Parsing of BAM header when file is expected to be readname-sorted.
agilly opened this issue · 7 comments
Hello,
I'm trying to run qc3C bam
and as the doc specifies, I sorted my input bam by name:
samtools sort -t 32 -n -o $libname.aligned.sorted.bam $libname.aligned.bam
Then I run:
qc3C bam -k arima --fasta hg38.p13.fa.gz --bam $libname.aligned.sorted.bam --output-path $outpath -t 10
That produces an error:
[...]
INFO | 2022-01-24 04:33:24,898 | qc3C.bam_based | Found 1,237,255,262 alignments to analyse
[E::idx_find_and_load] Could not retrieve index file for 'masked_filename.aligned.sorted.bam'
ERROR | 2022-01-24 04:33:24,904 | main | masked_filename.aligned.sorted.bam must be sorted by name
This is strange because it seems something in the code is looking for a bam index, which is not possible to generate for a read-name-sorted BAM.
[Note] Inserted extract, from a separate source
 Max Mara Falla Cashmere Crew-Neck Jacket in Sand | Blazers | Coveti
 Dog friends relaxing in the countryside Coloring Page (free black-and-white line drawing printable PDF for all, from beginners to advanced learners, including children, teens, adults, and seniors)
I am running into the same error using the conda version of qc3C
qc3C bam --enzyme DpnII --fasta /home/jon/Working_Files/s_chloronotus/hapo-g/round_3/hapog_results/hapog.fasta --bam /home/jon/Working_Files/s_chloronotus/bwa-mem/aligned.SRR8499559.bam --max-obs 100000 --output-path /home/jon/Working_Files/s_chloronotus/qc3c/SRR8499559_w_bam/
INFO | 2022-01-28 11:20:27,247 | qc3C.ligation | Loading cached cut-site database
INFO | 2022-01-28 11:20:27,422 | qc3C.bam_based | Accepting all usable reads
INFO | 2022-01-28 11:20:27,423 | qc3C.utils | Random seed was not set, using 1383103
INFO | 2022-01-28 11:20:27,423 | qc3C.bam_based | Beginning analysis...
Pairs: 0%| | 0/100000 [00:00<?, ?it/s][E::idx_find_and_load] Could not retrieve index file for '/home/jon/Working_Files/s_chloronotus/bwa-mem/aligned.SRR8499559.bam'
ERROR | 2022-01-28 11:20:27,429 | main | 'HD'
Pairs: 0%|
Hi @agilly,
There appears to be something strange happening here. One expected and one unexpected.
First issue
The warning emitted by HTSlib about a missing index is known and spurious when it comes to query-name sorted files. There is yet to be a fix in PySAM to address how the underlying HTSlib API is called. See pysam-developers/pysam#939 for more detail.
I may suppress this message, as I had been hoping PySAM would be modified by now to avoid raising it.
Second issue
qc3C makes an explicit test for the sorting type. This is done by inspecting the 'HD' record within BAM header, and it would appear that your HD record does not specify query-name sorting.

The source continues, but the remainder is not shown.